▸ **Directions**
When you copy the data, keep every line exactly as written and skip the pictures.

===== Working data

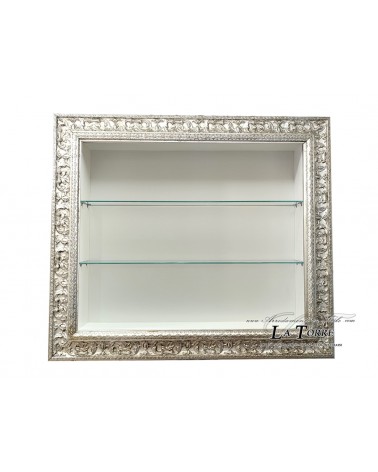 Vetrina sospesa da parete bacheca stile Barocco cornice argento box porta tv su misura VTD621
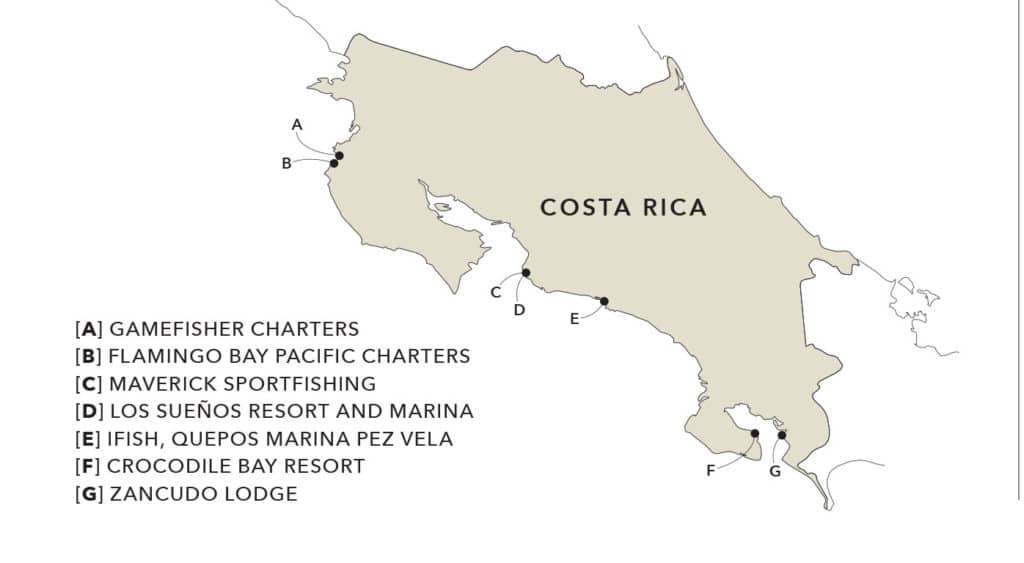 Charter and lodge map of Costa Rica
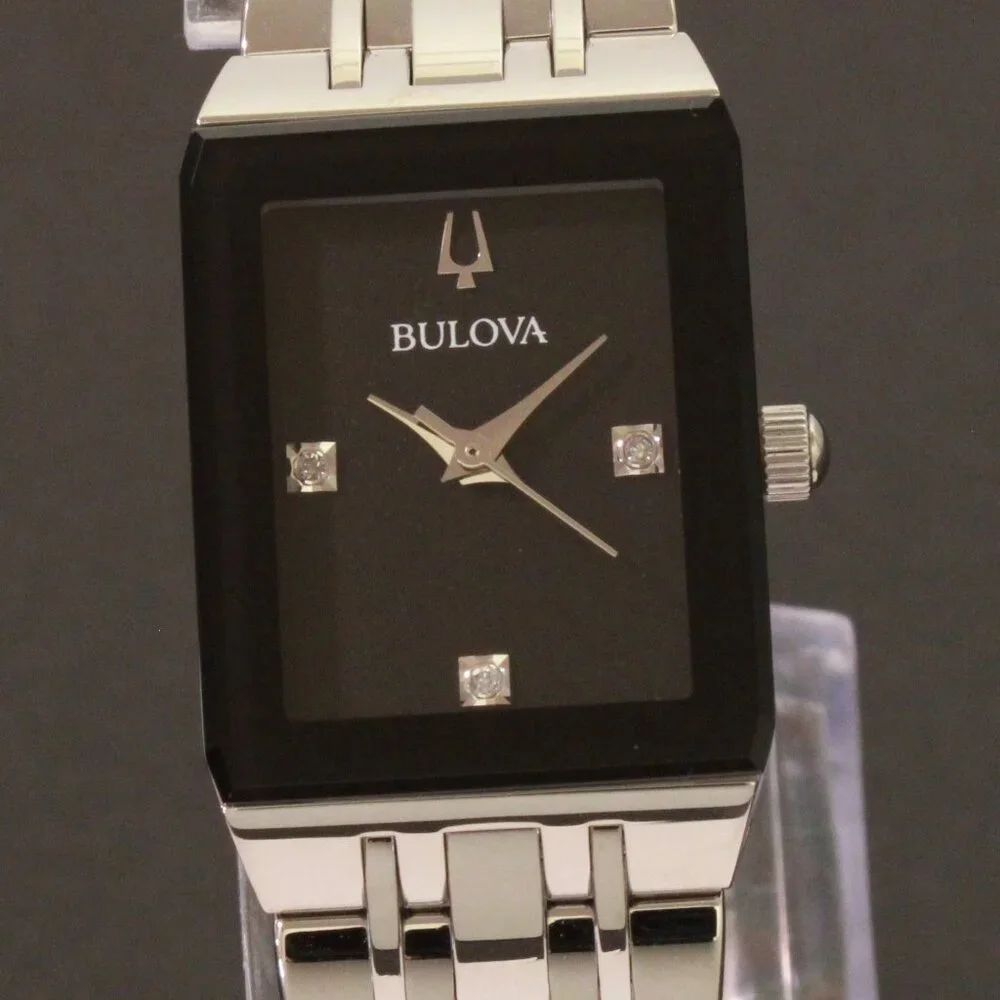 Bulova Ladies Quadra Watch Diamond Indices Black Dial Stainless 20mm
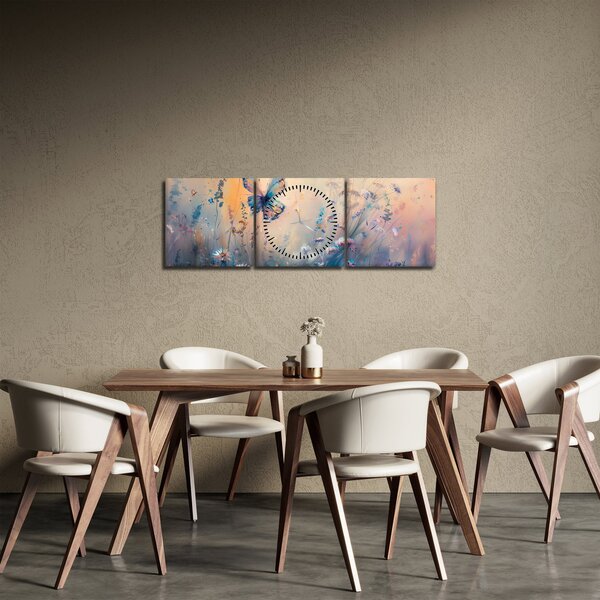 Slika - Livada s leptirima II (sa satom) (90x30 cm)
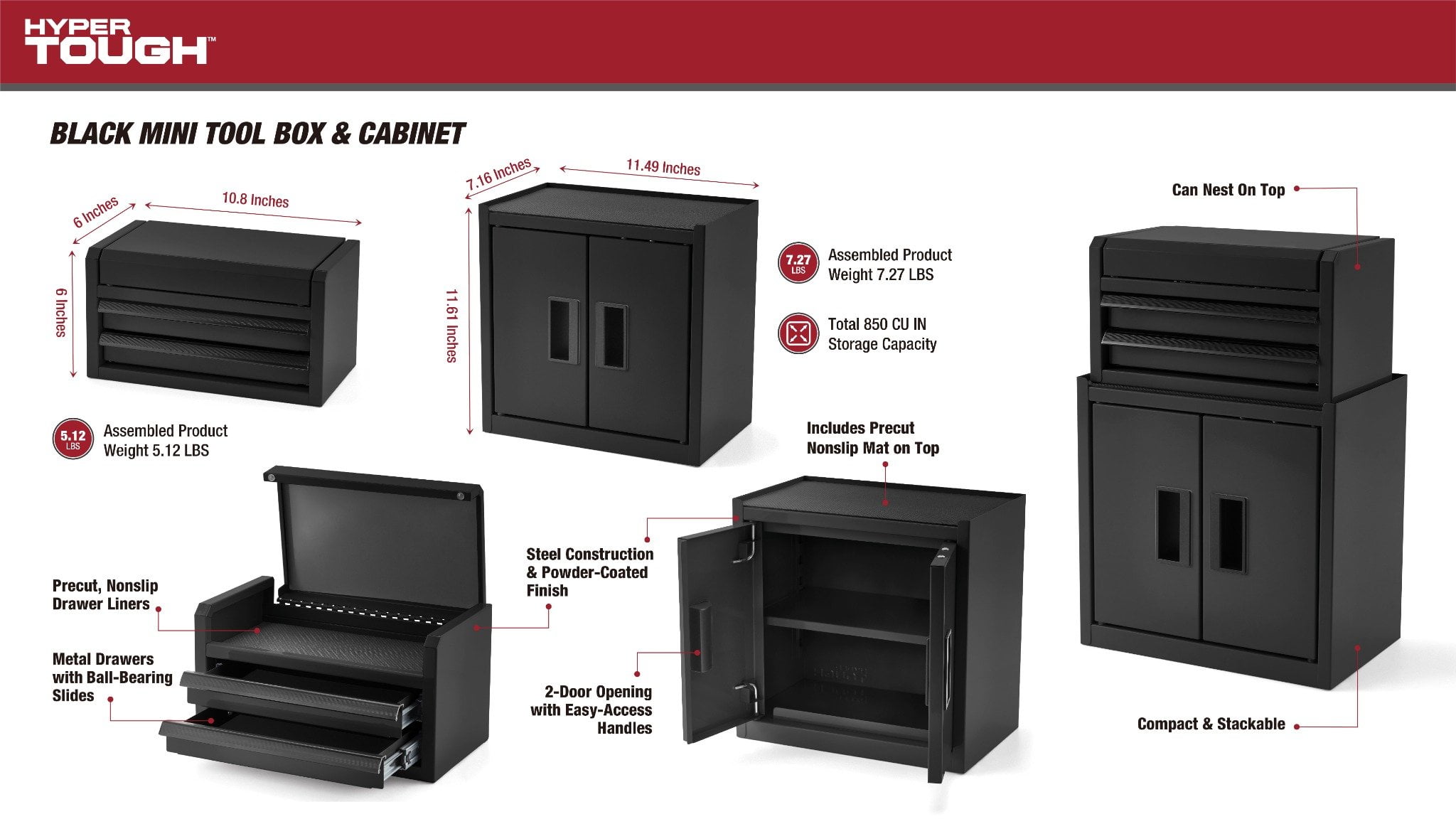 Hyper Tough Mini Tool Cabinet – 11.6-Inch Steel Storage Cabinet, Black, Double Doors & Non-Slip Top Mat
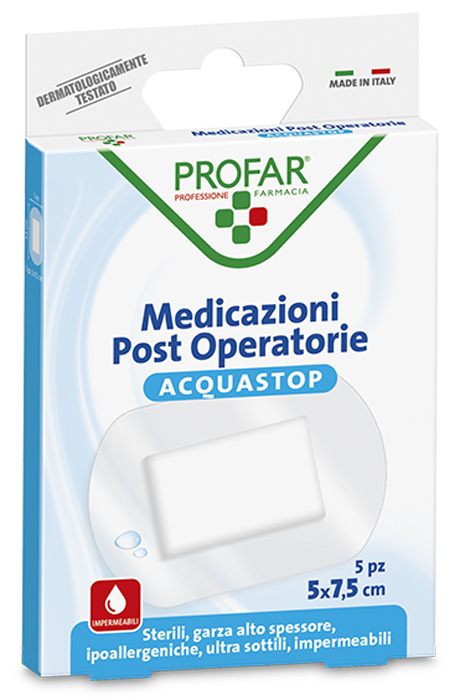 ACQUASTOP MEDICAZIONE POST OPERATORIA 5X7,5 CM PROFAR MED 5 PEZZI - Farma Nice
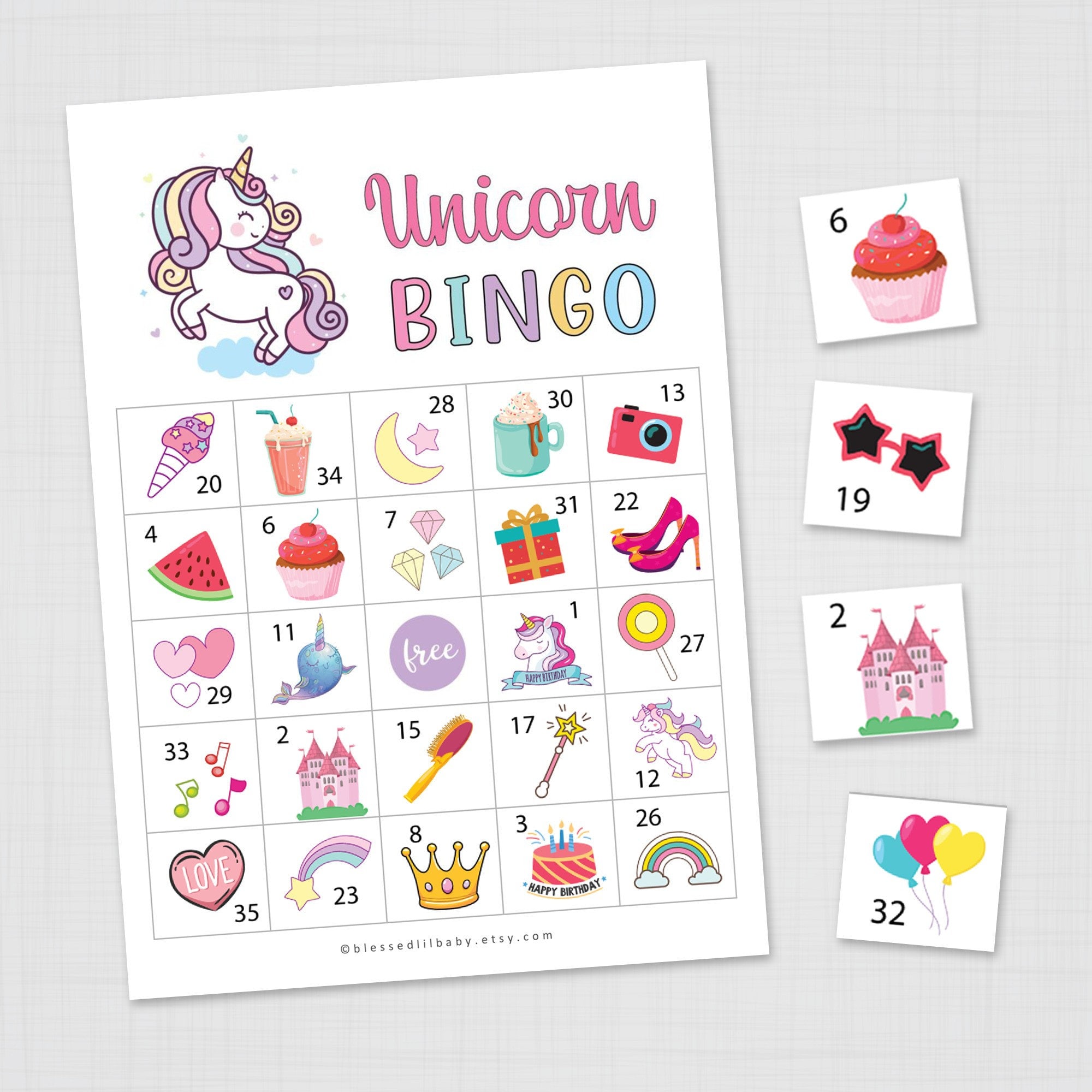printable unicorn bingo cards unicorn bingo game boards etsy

==========

▸ **Answer box**
 Vetrina sospesa da parete bacheca stile Barocco cornice argento box porta tv su misura VTD621
 Charter and lodge map of Costa Rica
 Bulova Ladies Quadra Watch Diamond Indices Black Dial Stainless 20mm
 Slika - Livada s leptirima II (sa satom) (90x30 cm)
 Hyper Tough Mini Tool Cabinet – 11.6-Inch Steel Storage Cabinet, Black, Double Doors & Non-Slip Top Mat
 ACQUASTOP MEDICAZIONE POST OPERATORIA 5X7,5 CM PROFAR MED 5 PEZZI - Farma Nice
printable unicorn bingo cards unicorn bingo game boards etsy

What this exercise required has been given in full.